Dışişleri Bakanı Fidan, Azerbaycan'ın Şuşa kentinde bir araya geldi. İkilinin gündeminde Ermenistan'la ilişkilerin seyri vardı.

Azerbaycan Cumhurbaşkanlığından yapılan açıklamaya göre, Azerbaycan’ın Şuşa şehrinde bir araya gelen Aliyev ve Fidan, Kazakistan’ın başkenti Astana’da gerçekleştirilen Şanghay İşbirliği Örgütü (ŞİÖ) Devlet Başkanları Konseyi toplantısı vesilesiyle Türkiye, Azerbaycan ve Pakistan liderlerinin yaptığı üçlü zirveyi hatırlatarak, bu üçlü işbirliği sürecinin gelecekteki toplantılarla devam edeceğini belirtti.

Açıklamada, Cumhurbaşkanı Recep Tayyip Erdoğan’ın, Türkiye-Hollanda maçını izlemek üzere Almanya’ya gitmek üzere anlaşmaya vardığı ve Şuşa’da düzenlenecek Türk Devletleri Teşkilatı (TDT) Devlet Başkanları Gayriresmi Zirvesi’nde Türkiye’yi Cumhurbaşkanı Yardımcısı Cevdet Yılmaz’ın temsil edeceği bildirildi.

Açıklamada ayrıca, Azerbaycan ile Türkiye arasında imzalanan Şuşa Beyannamesinin ve Türk dünyasındaki birlik ve dayanışmanın önemine vurgu yapıldığı, Aliyev ve Fidan’ın Azerbaycan-Türkiye ve Türkiye-Ermenistan ilişkilerini ele aldığı ifade edildi.

Fidan, zirve öncesinde TDT Dışişleri Bakanları Konseyi’ne katılacak ve zirvede Cumhurbaşkanı Yardımcısı Yılmaz’a eşlik edecek.

Ermenistan-Türkiye ilişkilerinin seyri

Son yıllarda Ermenistan ile Türkiye arasındaki ilişkilerde dikkat çekici gelişmeler yaşandı. İki ülke arasındaki diplomatik ilişkiler, tarihsel ve siyasi gerilimler nedeniyle uzun yıllar boyunca donuk kalmıştı. Ancak son dönemlerde bu ilişkilere yönelik adımların atıldığı gözlemleniyor.

2018 yılında Ermenistan’da gerçekleşen ‘Kadife Devrim’ sonrası Başbakan Nikol Paşinyan liderliğinde yeni bir hükümet kurulmuş ve bu hükümet, Türkiye ile ilişkilerin normalleştirilmesine yönelik olumlu sinyaller vermişti.
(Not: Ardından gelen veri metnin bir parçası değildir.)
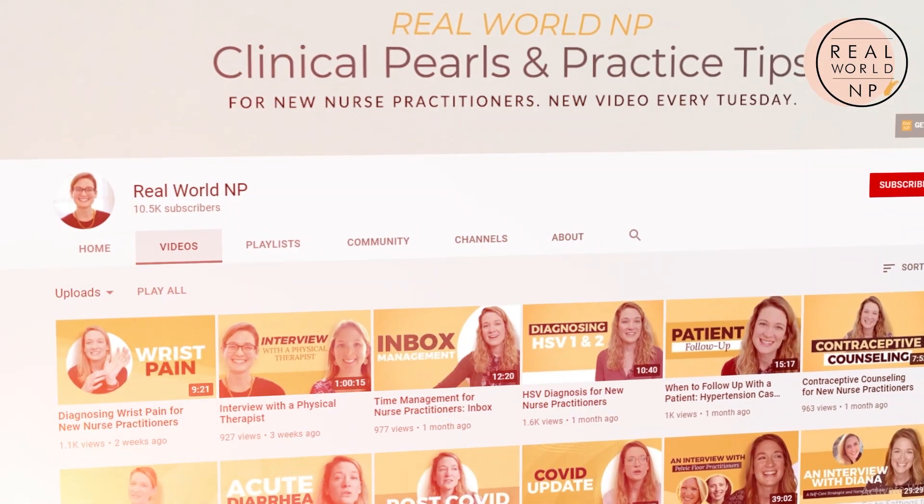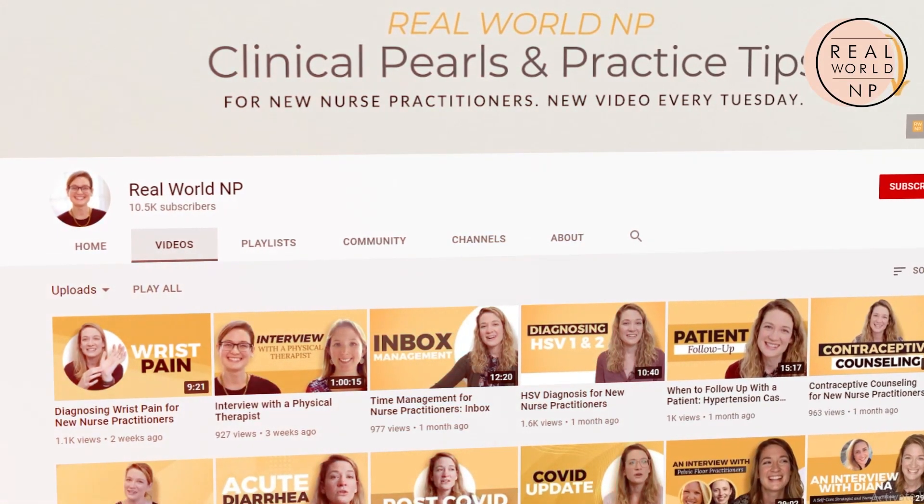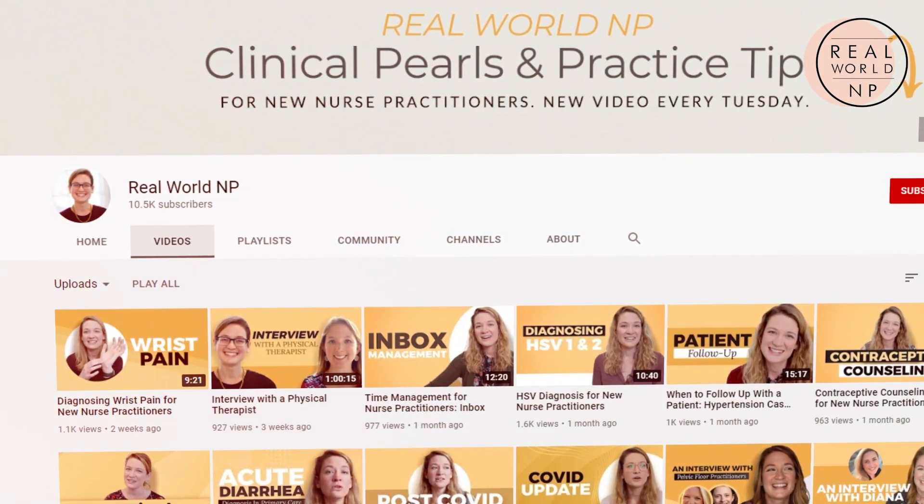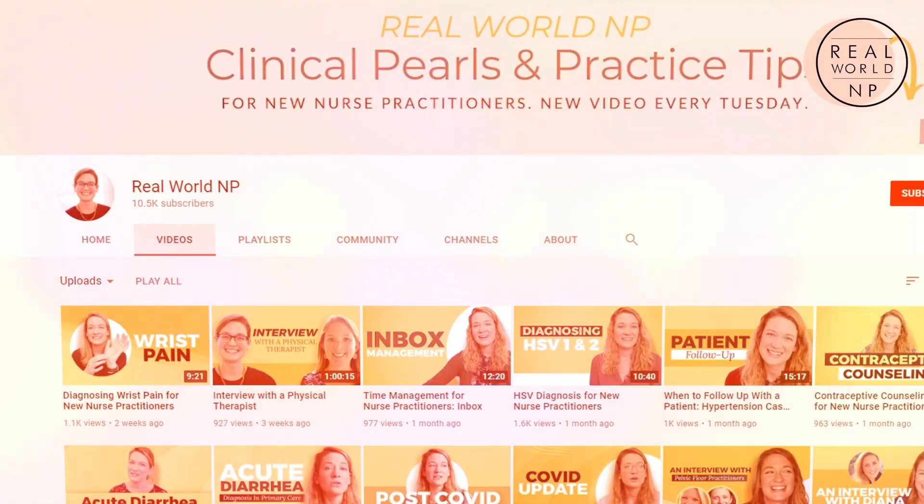Hey there, it's Liz Rohr from Real World NP. You are watching NP Practice Made Simple, the weekly video to help save you time, frustration, and help you learn faster so you can take the best care of your patients.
Aynı dönemde Türkiye de ilişkilerin iyileştirilmesine yönelik istekli bir tavır sergiledi.

2021 yılına gelindiğinde Türkiye ve Ermenistan diplomatik ilişkilerin yeniden tesis edilmesi amacıyla karşılıklı olarak özel temsilciler atadı. Bu adım, iki ülkenin ilişkilerinde önemli bir dönüm noktası olarak değerlendirildi. Temsilciler arasında yapılan görüşmelerde sınırların açılması, ticaretin geliştirilmesi ve doğrudan uçuşların yeniden başlaması gibi konular ele alındı.

2022 yılında Ermenistan ve Türkiye arasında karşılıklı ticaretin yeniden başlamasıyla birlikte, ekonomik ilişkilerde de iyileşme sinyalleri görülmeye başlandı. Özellikle inşaat malzemeleri, gıda ve tekstil gibi sektörlerde ticaret hacmi artış gösterdi. Ayrıca, iki ülke arasındaki doğrudan uçuşların yeniden başlaması, turizm ve iş seyahatlerinde de hareketlilik yarattı.
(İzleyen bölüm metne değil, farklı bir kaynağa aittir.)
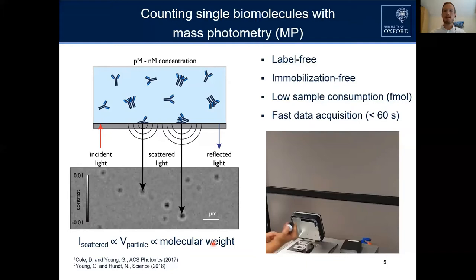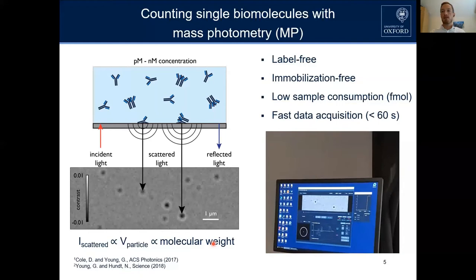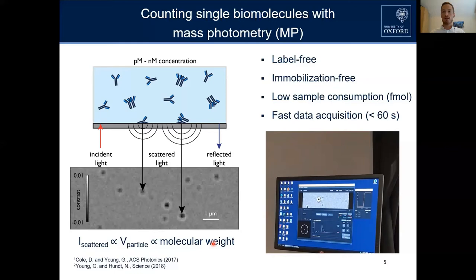To give you an idea of how simple these experiments are, here is a video showing the sample injection, after which we directly start our measurement where we see single proteins landing on the glass-water interface. We have already characterized many of these in two previous papers.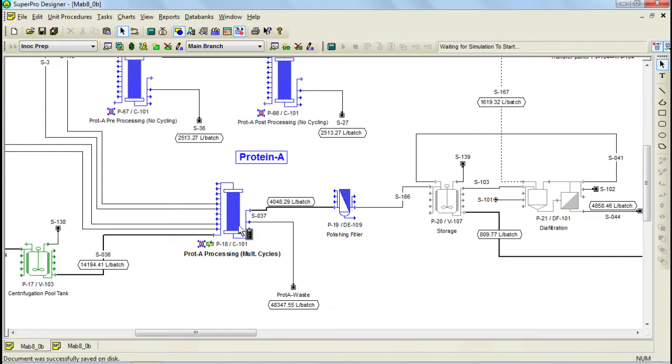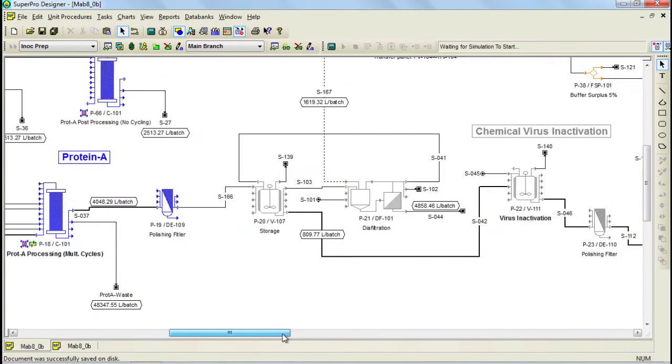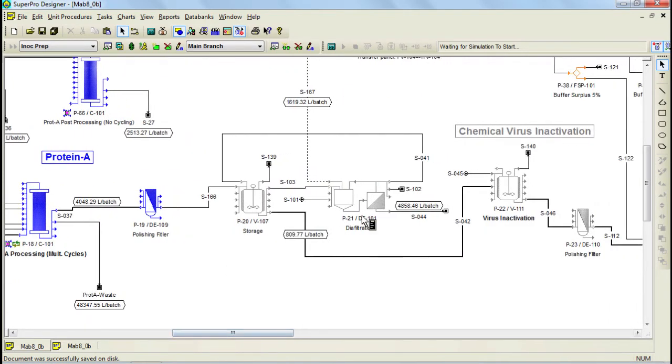Following chromatography, the product is collected in a vessel and then it is sent to a diafiltration unit where it is concentrated and diafiltered. The concentrated solution is then treated for one and a half hour with a detergent to inactivate the viruses.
Ancak iki ülke arasındaki ilişkiler tamamen sorunsuz değil. 2020 yılında Azerbaycan ile Ermenistan arasında yaşanan Dağlık Karabağ Savaşı sonrasında Türkiye’nin Azerbaycan’a verdiği güçlü destek Ermenistan’da rahatsızlık yarattı. Bu durum ilişkilerin tam anlamıyla normalleşmesi önünde engel teşkil etmeye devam ediyor.

Sonuç olarak Ermenistan ile Türkiye arasındaki ilişkilerde son yıllarda önemli adımlar atılmış olsa da, tarihi ve siyasi gerilimlerin tamamen aşılması için daha fazla çabaya ihtiyaç duyuluyor. İki ülke arasındaki diplomatik girişimlerin ve diyalogların devam etmesi ilişkilerin geleceği açısından kritik önem taşıyor.

İkinci Karabağ Savaşı: Bölgesel dengeyi değiştiren çatışma

İkinci Karabağ Savaşı, 27 Eylül 2020 tarihinde Azerbaycan ve Ermenistan arasında Dağlık Karabağ bölgesinde patlak verdi. Çatışmalar, 1994 yılında sona eren Birinci Karabağ Savaşı’ndan bu yana bölgedeki en yoğun ve kanlı çatışmalardan biri olarak kayda geçti.

Savaş, Azerbaycan’ın Dağlık Karabağ ve çevresindeki Ermeni işgali altındaki toprakları geri almak için geniş çaplı bir askeri harekât başlatmasıyla başladı. Azerbaycan ordusu, modern silahlar ve insansız hava araçları (İHA) kullanarak hızla ilerleme kaydetti. Ermenistan ise bölgedeki savunmasını güçlendirmek ve karşı saldırılar düzenlemek için yoğun çaba sarf etti.

undefined

Harita: Wikipedia

Çatışmaların başlamasıyla birlikte, uluslararası toplumda büyük bir endişe oluştu. Birleşmiş Milletler (BM), Avrupa Birliği (AB) ve diğer uluslararası kuruluşlar, her iki tarafı da ateşkese çağırdı. Türkiye, Azerbaycan’a verdiği güçlü destekle dikkat çekerken, Rusya da Ermenistan ile olan tarihî bağları nedeniyle dikkatle izlediği çatışmalara diplomatik müdahalede bulundu.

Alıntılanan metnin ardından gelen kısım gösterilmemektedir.